南田洋子「認知症」放送されなかった旅シーン
映像は時に残酷だ。「(記憶が)手のすき間からボロボロ落ちていくのを、何とかかき集めて洋子の手のひらに乗せてやるんだけどさ…」と介護を語っていた74歳の長門 。キスをする若い日の2人。そして、最初に南田さんの異常をうかがわせた映像もあった。04年5月、夫婦で旅番組の収録中、食事をしながらの会話だ。
「あなたはどう思う?」
「え?」
「もういいわ。
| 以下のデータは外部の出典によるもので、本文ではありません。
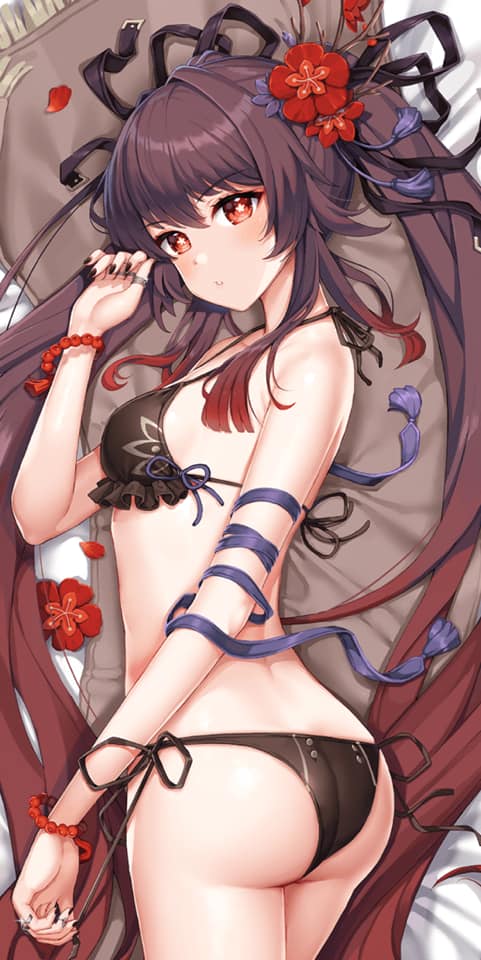 ass, bra, female, flower, flower in hair, genshin impact, hair ornament, hu tao (genshin impact), long hair, looking at viewer, looking back, red eyes, thighs, twintails, underwear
私をそういう嘘つきにするんだったらね、これからいっさい口きかない」
突然怒り出した南田に戸惑う長門。
また別のシーン。
「もし言うことがわからなくなったらどうすればいい?」
南田の目がきつい。
「そんなこと……」
「私はすごく考えちゃうの」
「……困ったもんだね」
どちらも放送されなかった。
その後、セリフが覚えられなくなって、「ワンワン泣きながら覚えた」と長門。 南田は表舞台から消えた。介護の映像は一層悲しい。
「愛してるよー」
「洋子もだよー」
南田がくも膜下出血で倒れた09年10月21日も、楽屋で死の知らせを聞いて、長門は舞台にあがった。そのあとの会見の様が、記憶に残る長門裕之の最後の姿だった。